(UPDATE: Adds comments from consumer advocate in last two paragraphs.) Wells Fargo has agreed to pay $175 million, and then some, to settle a lawsuit alleging the bank discriminated against black and Latino borrowers between 2004 and 2007. It is the second-largest fair lending settlement in the Department of Justice’s 142-year history, behind the settlement the DOJ made with Bank of America® last December, which stemmed from similar charges.
Wells Fargo has agreed to the settlement, which must be approved by the U.S. District Court for the District of Columbia, in order to avoid litigation, according to The New York Times. Wells Fargo will admit “no wrongdoing as part of the complaint and…settlement.”
The DOJ’s suit alleges that Wells Fargo steered black and Latino homebuyers into subprime mortgages, thereby forcing them to pay higher interest rates and fees than similarly risky white borrowers. As part of the settlement, Wells Fargo will set aside $125 million for wholesale borrowers and $50 million in down payment assistance for “borrowers in communities…where the department identified large numbers of discrimination victims and which were hard hit by the housing crisis,” according to a DOJ press release.
The New York Times identifies these communities as: “Baltimore, Chicago, Cleveland, Los Angeles, New York, the Oakland/San Francisco Bay Area, Philadelphia and Washington.”
Wells Fargo allowed brokers to steer qualified borrowers into subprime loans even if they qualified for prime loans. According to the lawsuit, Wells Fargo and others frequently steered non-white qualified customers into subprime loans. The results have been devastating for black communities across the nation, as detailed in this recent Washington Post story.
Wells Fargo will also provide compensation to black and Latino retail borrowers it discriminated against in similar fashion, as determined by an internal review the bank has agreed to conduct.

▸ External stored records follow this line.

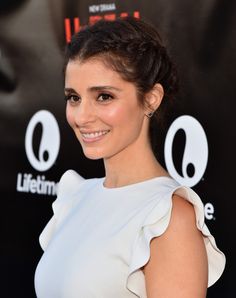 Shiri Appleby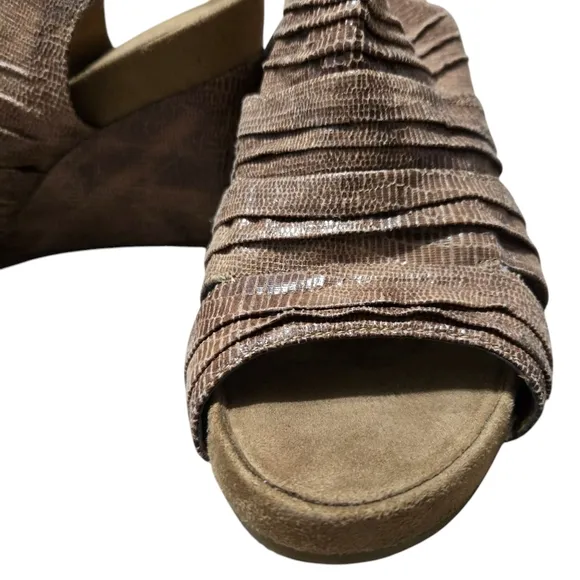 AEROSOLES-PLUSH ON YOU Wedges Slingback Metallic Taupe, Womens 9.5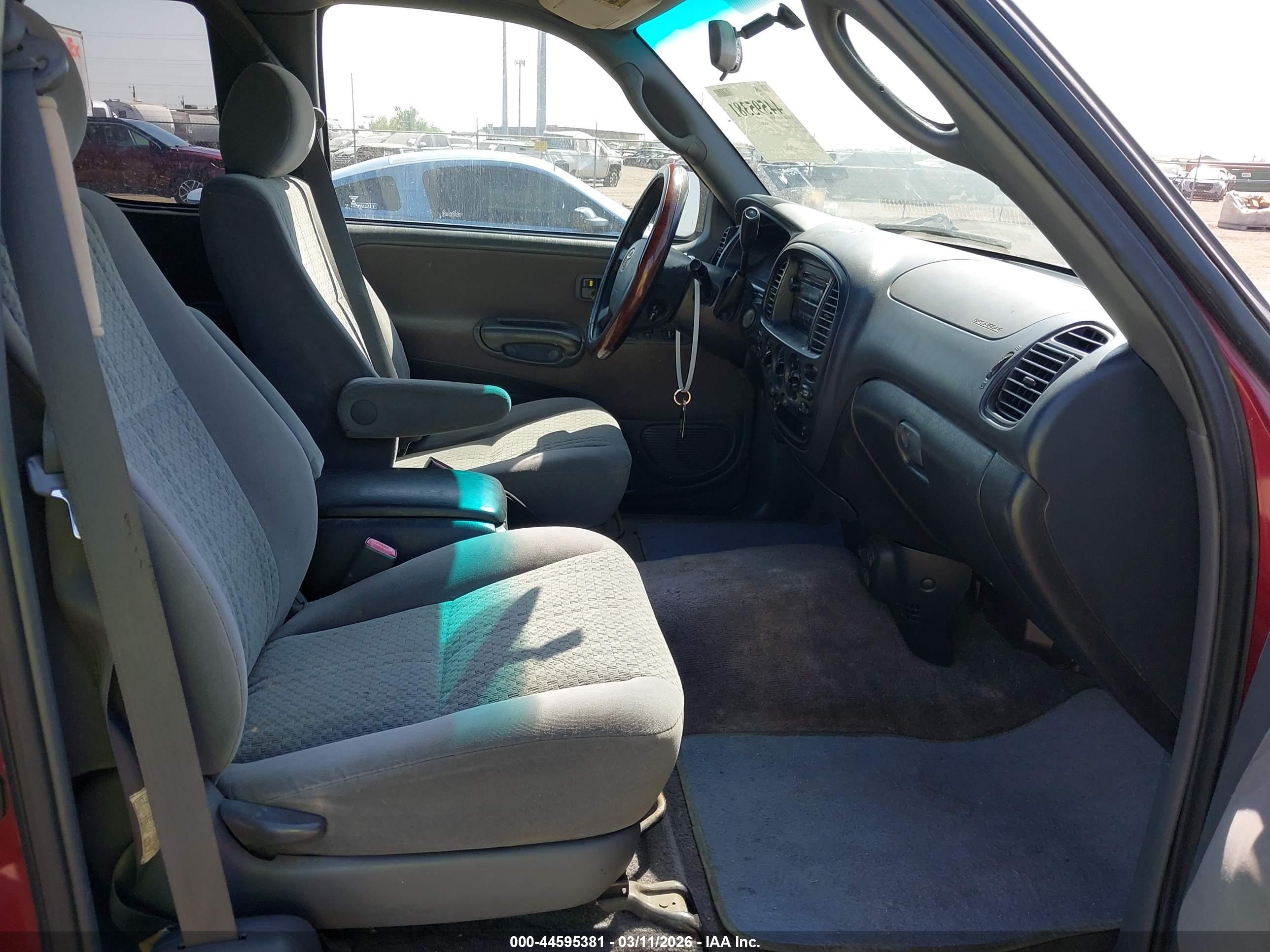 TOYOTA TUNDRA image 5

Consumer advocates were generally pleased by the settlement, but expressed concerns about other banks.
“We applaud the DOJ for leading the way against this type of illegal discrimination,” said Kathleen Day, spokeswoman for the Center for Responsible Lending. “But we are less laudatory of the OCC ( Office of the Comptroller of the Currency) and other regulators who only perked up in 2009, as troubling patterns had been prevalent years earlier. Where were they back in 2002? Furthermore, this is not unique to Wells Fargo, as many other banks were involved with suspicious lending.”